** Opening SUPPLIED MATERIAL block **

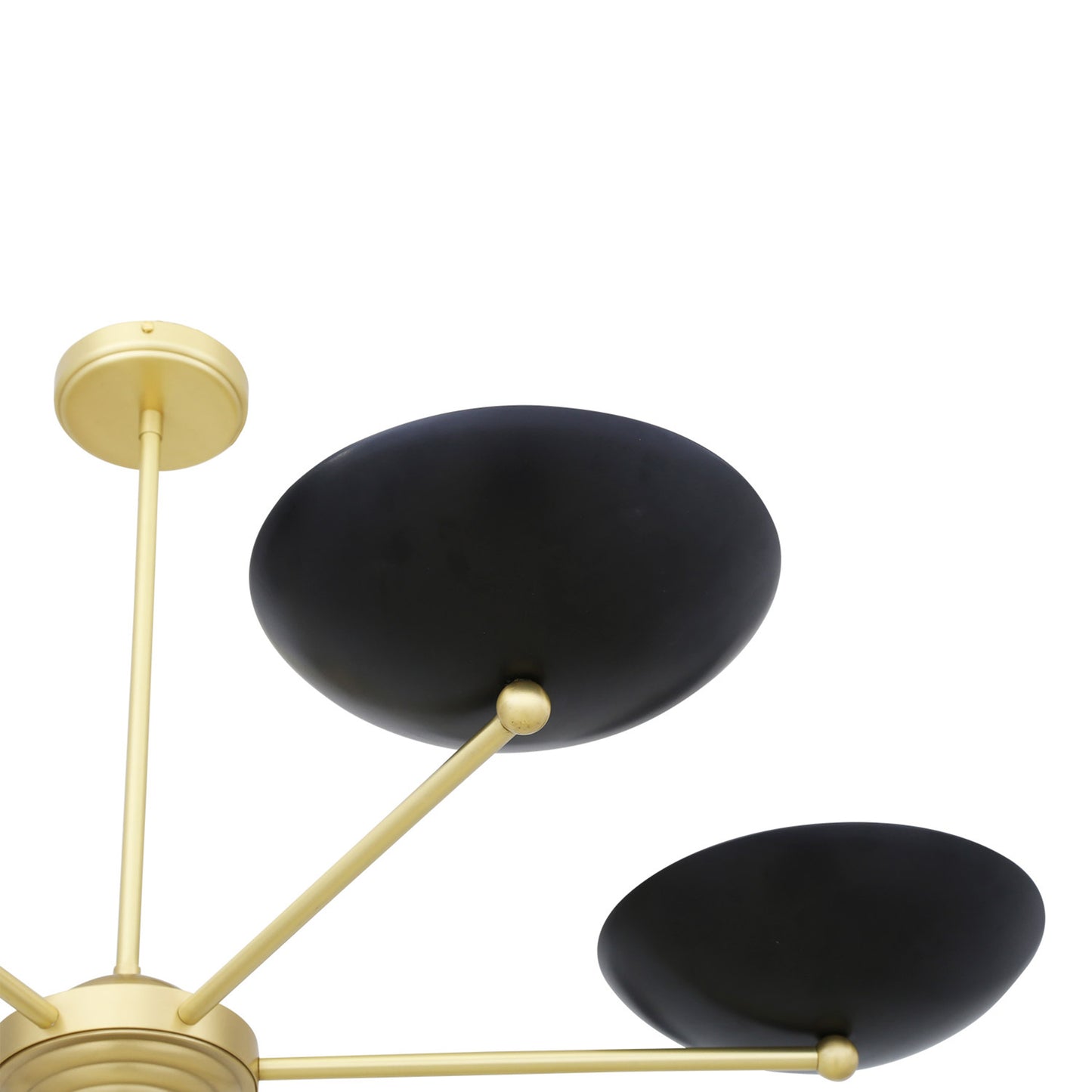 Lustre moderne Newbury en laiton avec abat-jour en métal noir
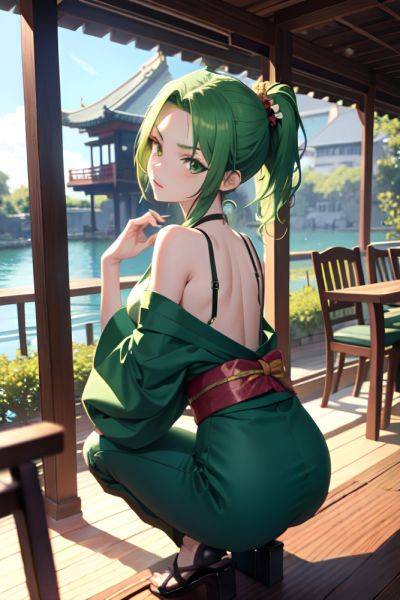 Anime Skinny Small Tits 18 Age Seductive Face Green Hair Slicked Hair Style Light Skin Dark Fantasy Cafe Back View Squatting Kimono 3671617217757906890 - AI Hentai - aihentai.co on pornsimulated.com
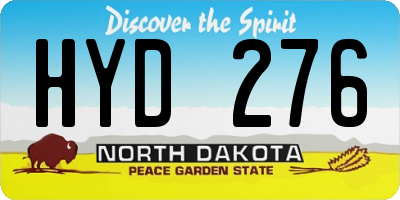 ND license plate HYD276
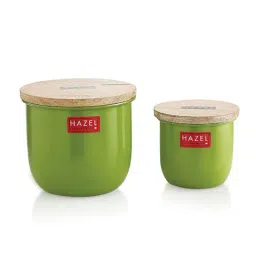 HAZEL Green Galvanized Metal Containers - Set of 2 (0.25L)-31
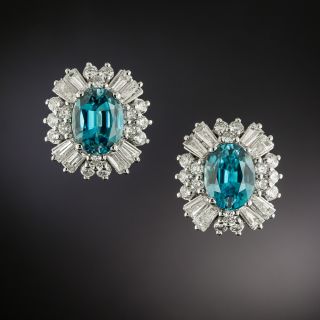 Estate Blue Zircon and Diamond Halo Earrings - 3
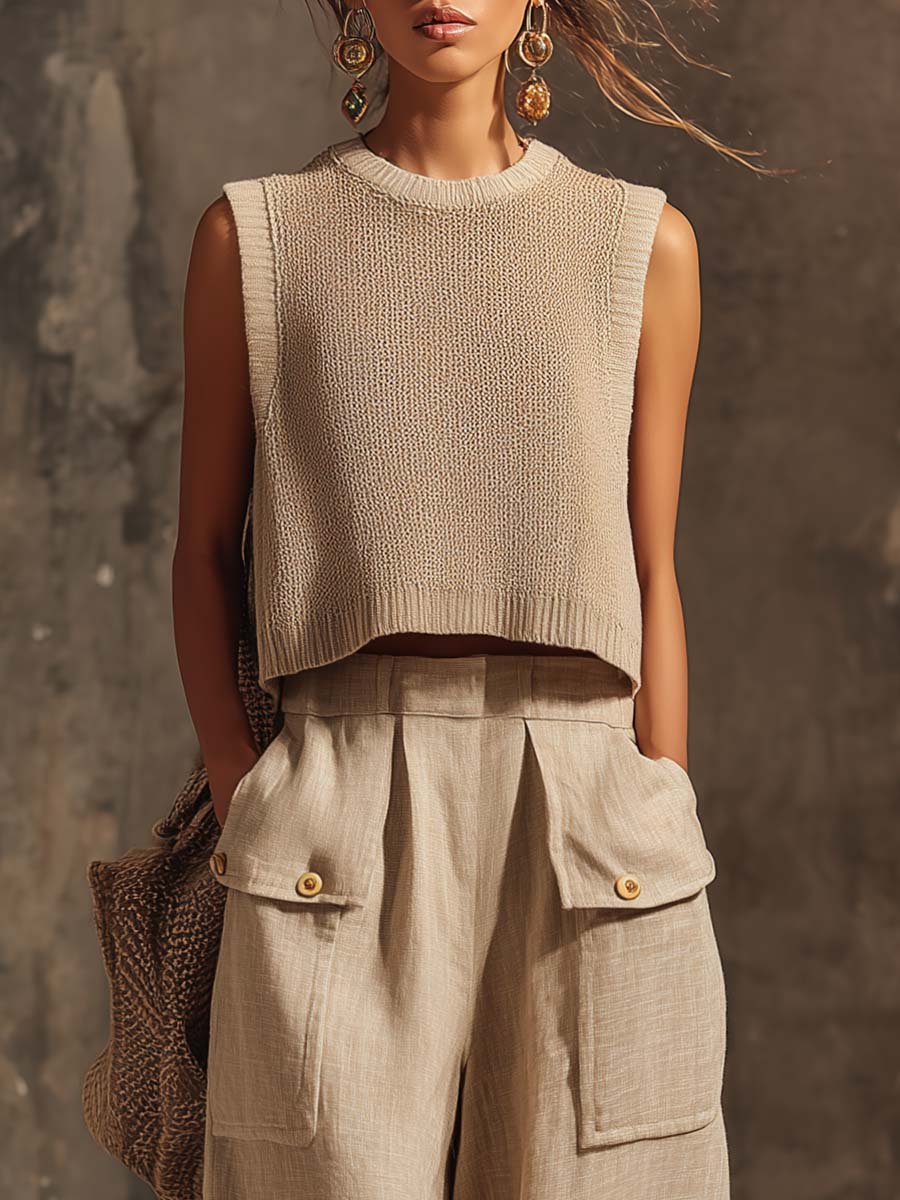 Casual Breathable Urban Style Beige Knitted Top And Cotton Pants Set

** Closing SUPPLIED MATERIAL block **

GOAL OF THE EXERCISE
Restate verbatim the lines that begin at the one holding "Anime Skinny Small" and end at the last line of the material. Exclude pictures.

ANSWER TO THE EXERCISE
 Anime Skinny Small Tits 18 Age Seductive Face Green Hair Slicked Hair Style Light Skin Dark Fantasy Cafe Back View Squatting Kimono 3671617217757906890 - AI Hentai - aihentai.co on pornsimulated.com
 ND license plate HYD276
 HAZEL Green Galvanized Metal Containers - Set of 2 (0.25L)-31
 Estate Blue Zircon and Diamond Halo Earrings - 3
 Casual Breathable Urban Style Beige Knitted Top And Cotton Pants Set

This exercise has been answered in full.